Short descriptive text snippets
..........
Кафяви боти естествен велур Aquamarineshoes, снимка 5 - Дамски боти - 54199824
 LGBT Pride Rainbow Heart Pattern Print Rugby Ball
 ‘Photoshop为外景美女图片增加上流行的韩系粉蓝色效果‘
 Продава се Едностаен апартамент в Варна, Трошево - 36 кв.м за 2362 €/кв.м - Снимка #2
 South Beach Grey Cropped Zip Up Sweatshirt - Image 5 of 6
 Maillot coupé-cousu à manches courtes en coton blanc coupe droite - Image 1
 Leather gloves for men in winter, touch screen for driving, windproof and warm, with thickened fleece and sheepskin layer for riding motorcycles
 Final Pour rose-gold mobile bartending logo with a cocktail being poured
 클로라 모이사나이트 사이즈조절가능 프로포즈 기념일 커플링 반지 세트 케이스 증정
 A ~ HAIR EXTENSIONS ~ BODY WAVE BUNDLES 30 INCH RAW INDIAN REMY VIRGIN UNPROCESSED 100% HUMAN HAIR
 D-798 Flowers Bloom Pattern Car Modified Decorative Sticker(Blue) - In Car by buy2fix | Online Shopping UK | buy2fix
..........
## REQUIRED ACTION
Every entry above should be retyped exactly as shown.

## RESPONSE TO THIS EXERCISE
Кафяви боти естествен велур Aquamarineshoes, снимка 5 - Дамски боти - 54199824
 LGBT Pride Rainbow Heart Pattern Print Rugby Ball
 ‘Photoshop为外景美女图片增加上流行的韩系粉蓝色效果‘
 Продава се Едностаен апартамент в Варна, Трошево - 36 кв.м за 2362 €/кв.м - Снимка #2
 South Beach Grey Cropped Zip Up Sweatshirt - Image 5 of 6
 Maillot coupé-cousu à manches courtes en coton blanc coupe droite - Image 1
 Leather gloves for men in winter, touch screen for driving, windproof and warm, with thickened fleece and sheepskin layer for riding motorcycles
 Final Pour rose-gold mobile bartending logo with a cocktail being poured
 클로라 모이사나이트 사이즈조절가능 프로포즈 기념일 커플링 반지 세트 케이스 증정
 A ~ HAIR EXTENSIONS ~ BODY WAVE BUNDLES 30 INCH RAW INDIAN REMY VIRGIN UNPROCESSED 100% HUMAN HAIR
 D-798 Flowers Bloom Pattern Car Modified Decorative Sticker(Blue) - In Car by buy2fix | Online Shopping UK | buy2fix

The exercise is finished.